▶ _MATERIAL FOR THIS TASK_:

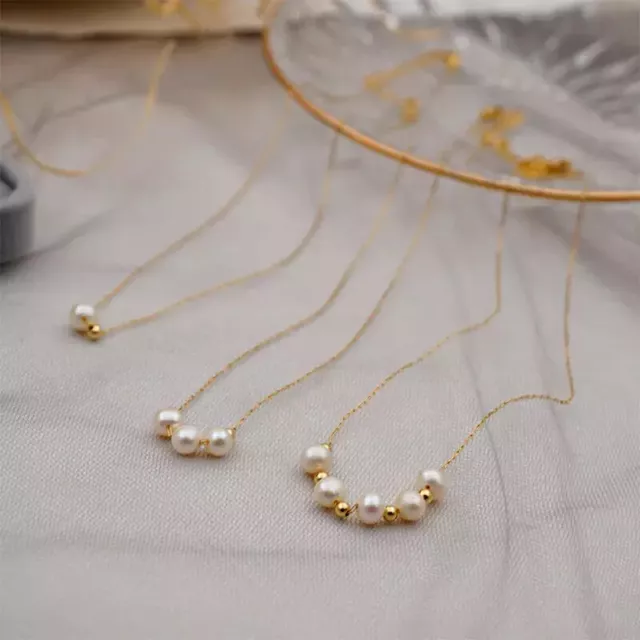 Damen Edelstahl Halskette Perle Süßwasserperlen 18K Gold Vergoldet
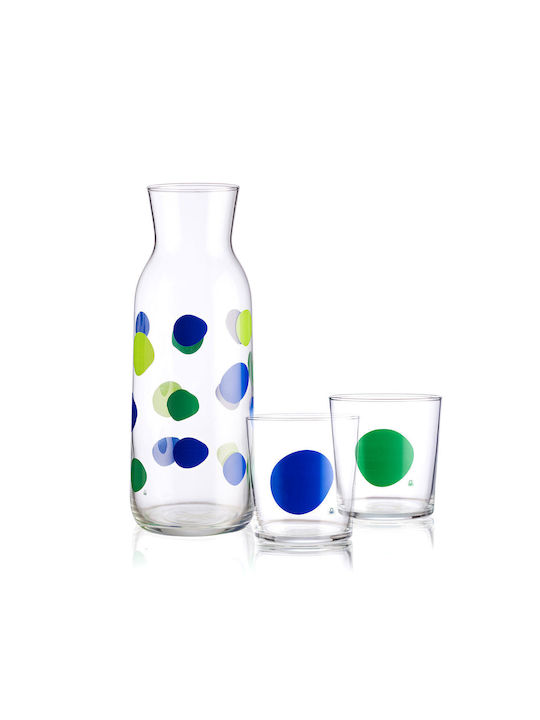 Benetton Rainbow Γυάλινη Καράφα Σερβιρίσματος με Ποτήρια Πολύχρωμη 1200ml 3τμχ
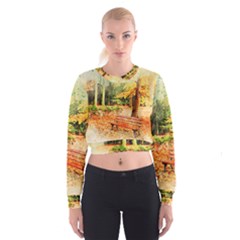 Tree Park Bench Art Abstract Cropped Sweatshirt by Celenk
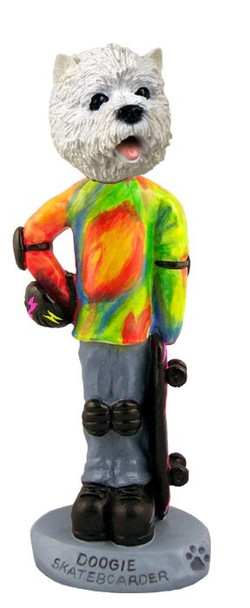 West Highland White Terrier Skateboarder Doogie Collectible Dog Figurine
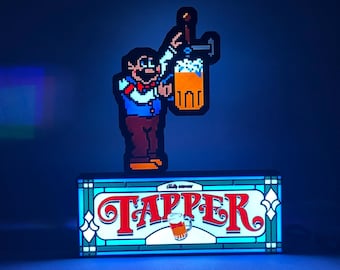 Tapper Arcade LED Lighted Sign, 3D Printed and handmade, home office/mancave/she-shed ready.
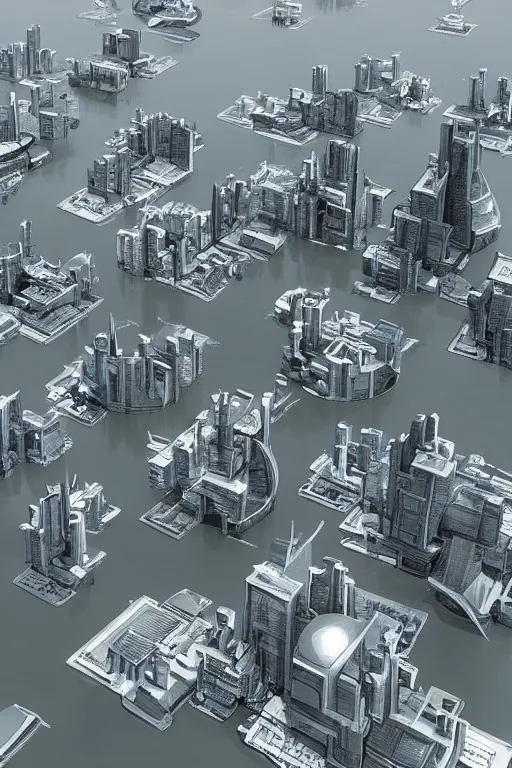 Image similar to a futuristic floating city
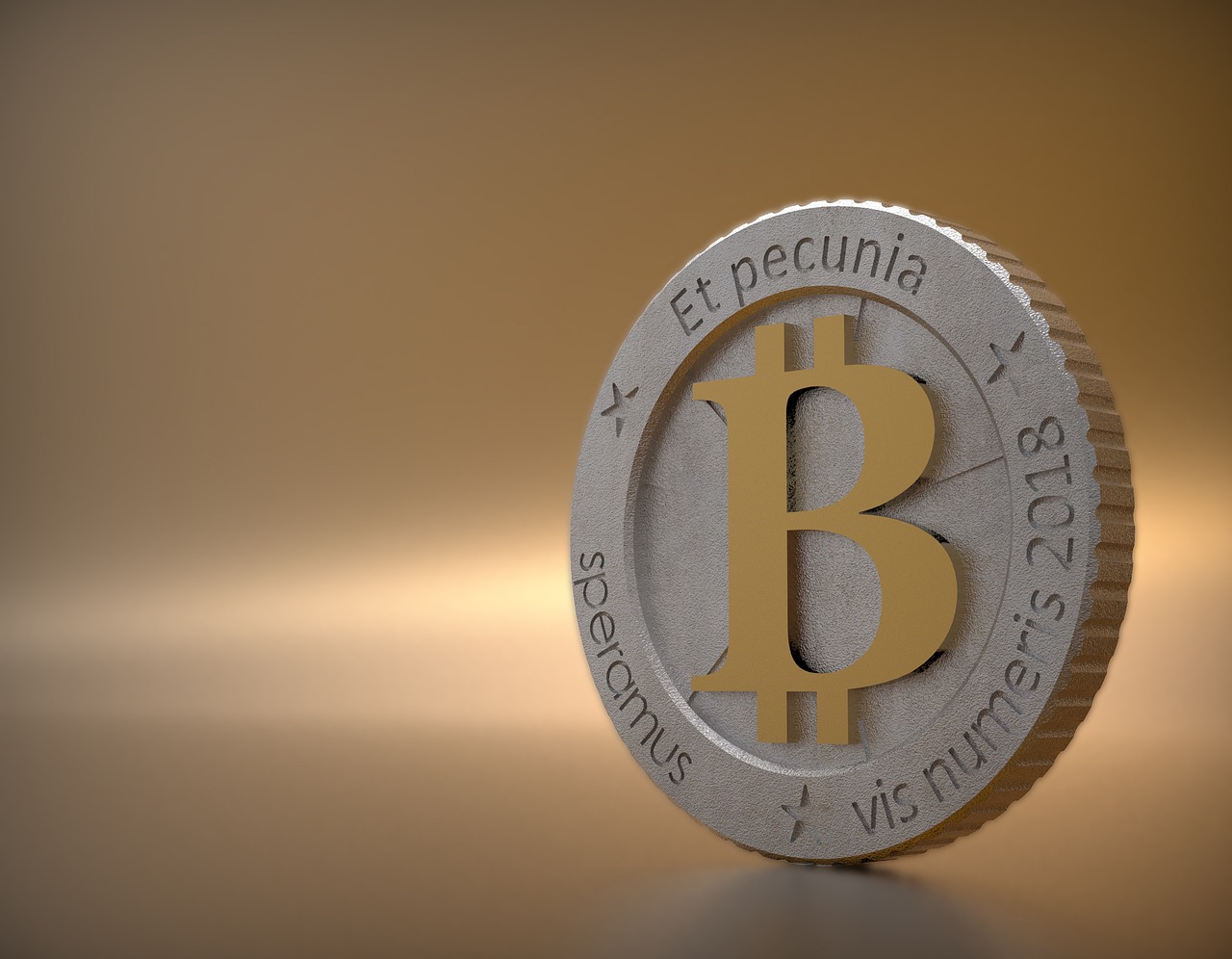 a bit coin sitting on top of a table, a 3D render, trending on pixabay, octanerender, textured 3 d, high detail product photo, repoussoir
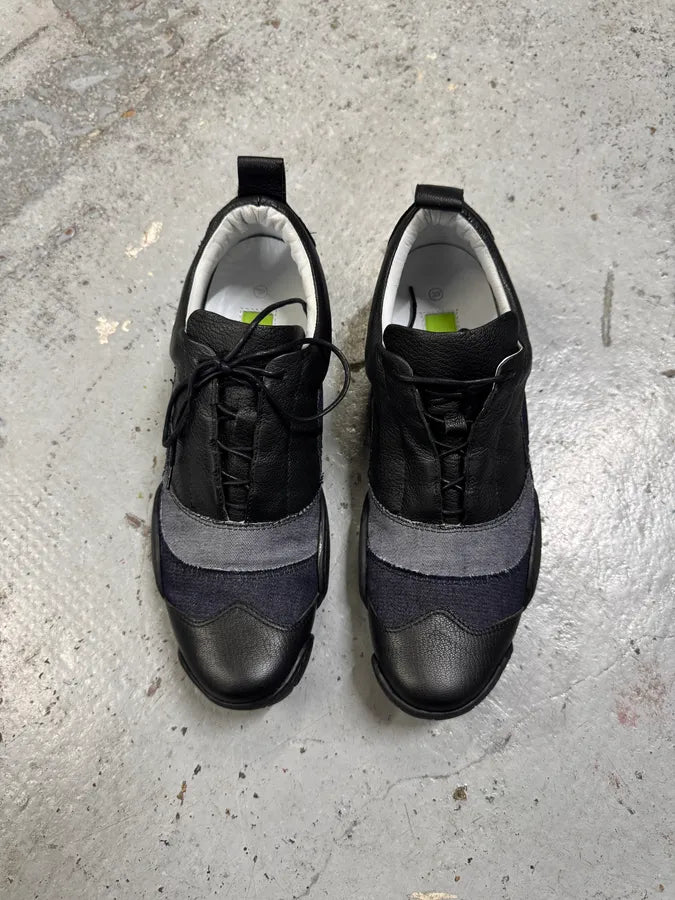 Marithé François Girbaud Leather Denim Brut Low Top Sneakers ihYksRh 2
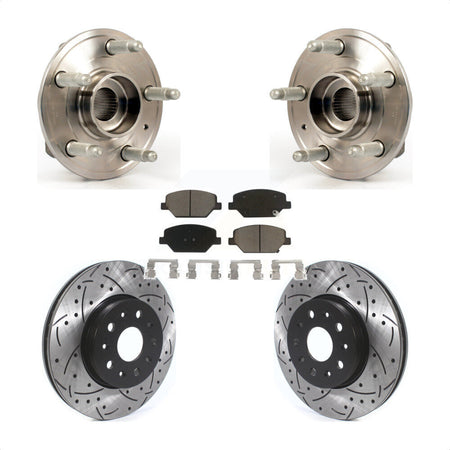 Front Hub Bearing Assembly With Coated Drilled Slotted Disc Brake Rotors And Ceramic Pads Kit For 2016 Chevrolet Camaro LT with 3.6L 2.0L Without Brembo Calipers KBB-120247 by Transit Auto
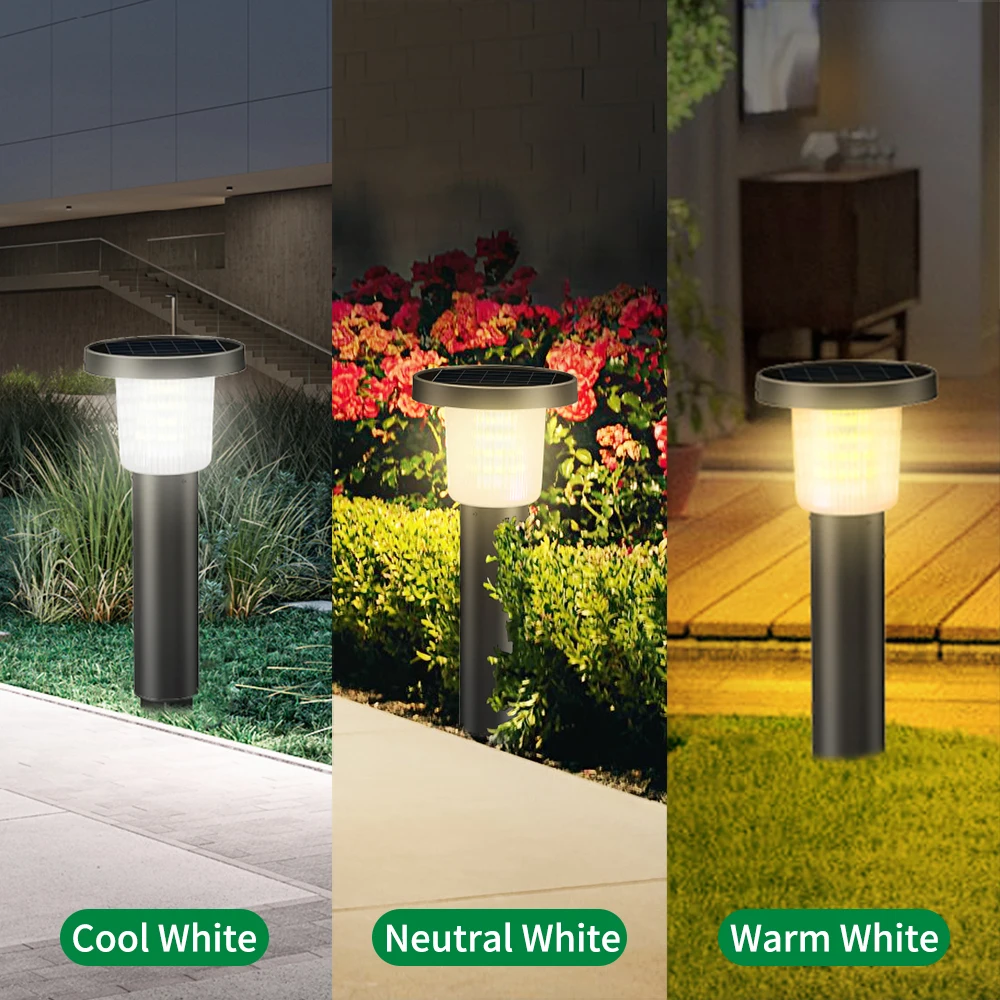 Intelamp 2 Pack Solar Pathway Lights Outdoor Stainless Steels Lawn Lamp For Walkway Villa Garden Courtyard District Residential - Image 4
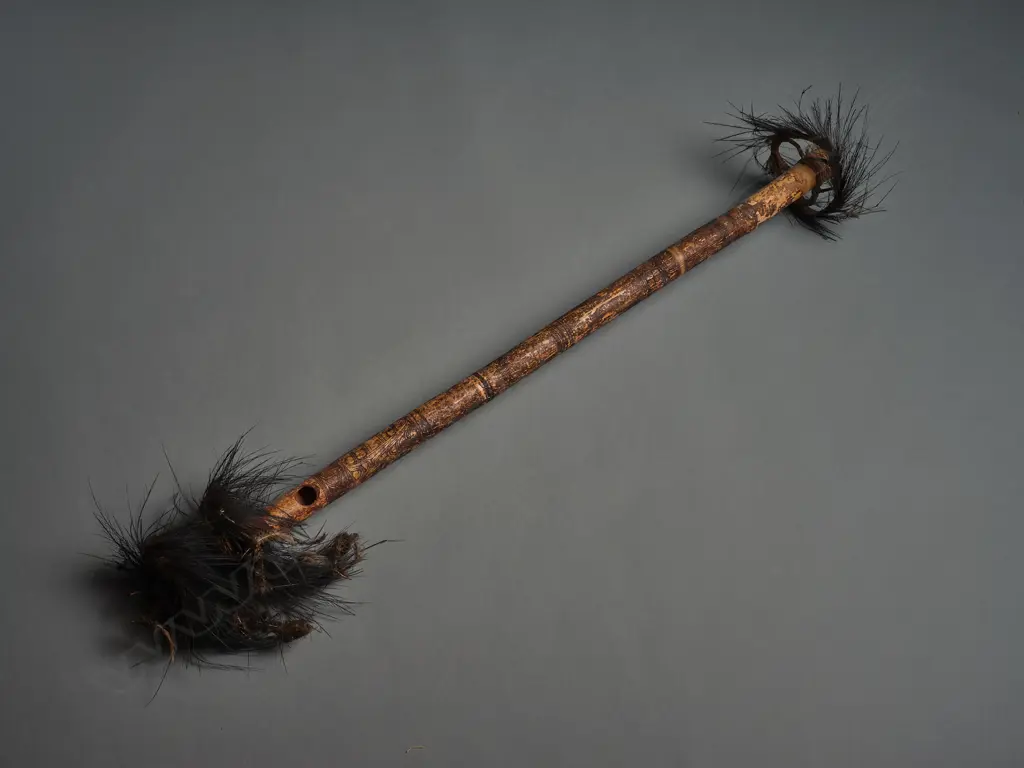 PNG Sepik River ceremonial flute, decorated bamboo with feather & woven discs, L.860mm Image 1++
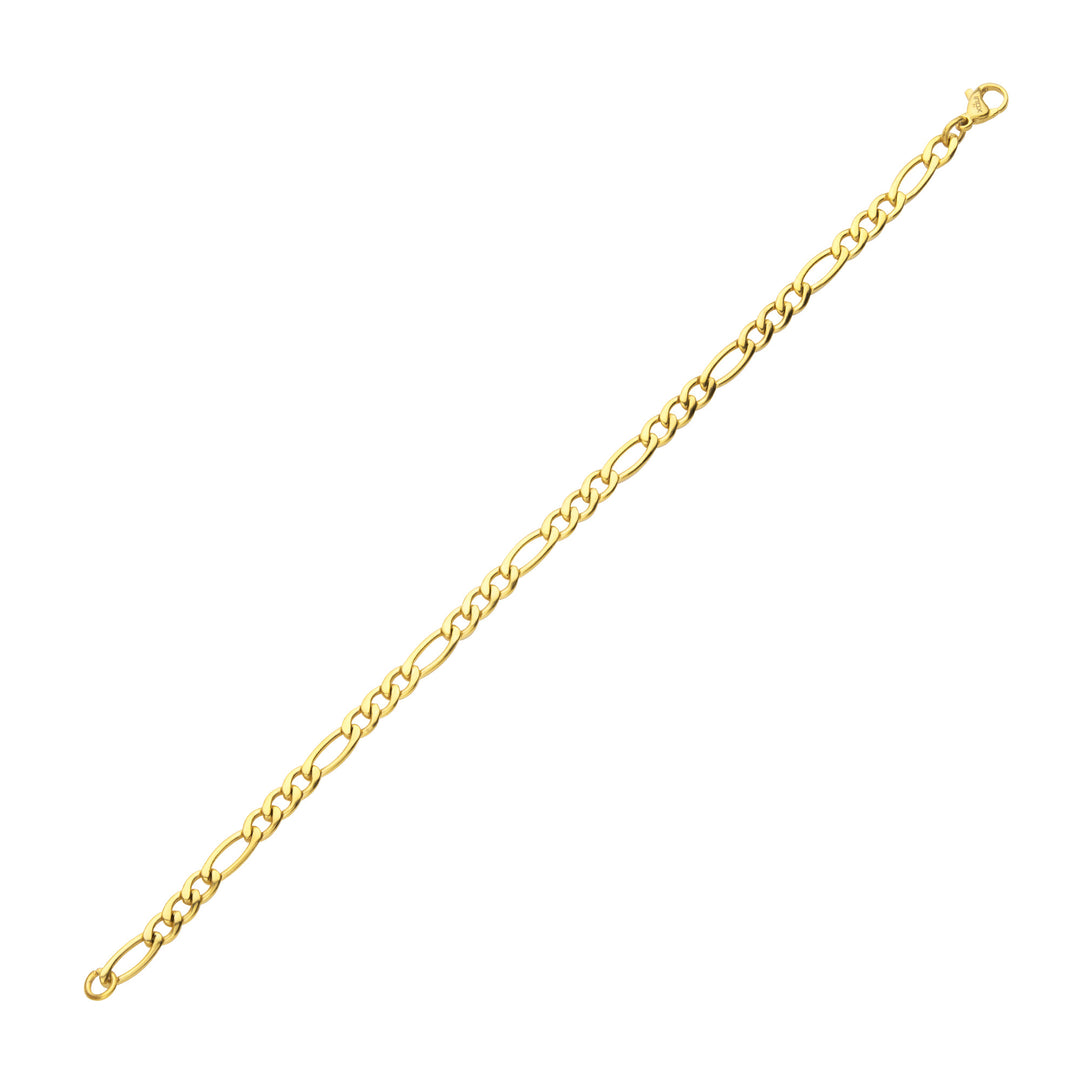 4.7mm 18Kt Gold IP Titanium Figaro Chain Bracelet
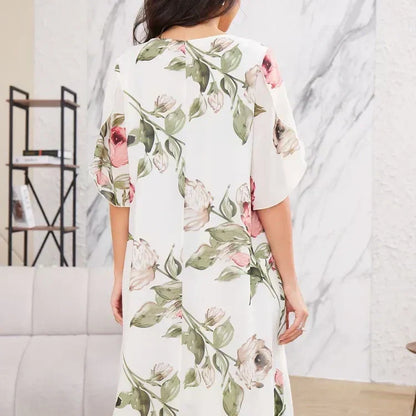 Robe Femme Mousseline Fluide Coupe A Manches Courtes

▶ _TASK DIRECTIONS_: Copy nothing but the lines above that run from the one with "West Highland White" to the one with "Marithé François Girbaud", ends included; pictures stay out.

▶ _RESPONSE TO THE EXERCISE_:
 West Highland White Terrier Skateboarder Doogie Collectible Dog Figurine
 Tapper Arcade LED Lighted Sign, 3D Printed and handmade, home office/mancave/she-shed ready.
 Image similar to a futuristic floating city
 a bit coin sitting on top of a table, a 3D render, trending on pixabay, octanerender, textured 3 d, high detail product photo, repoussoir
 Marithé François Girbaud Leather Denim Brut Low Top Sneakers ihYksRh 2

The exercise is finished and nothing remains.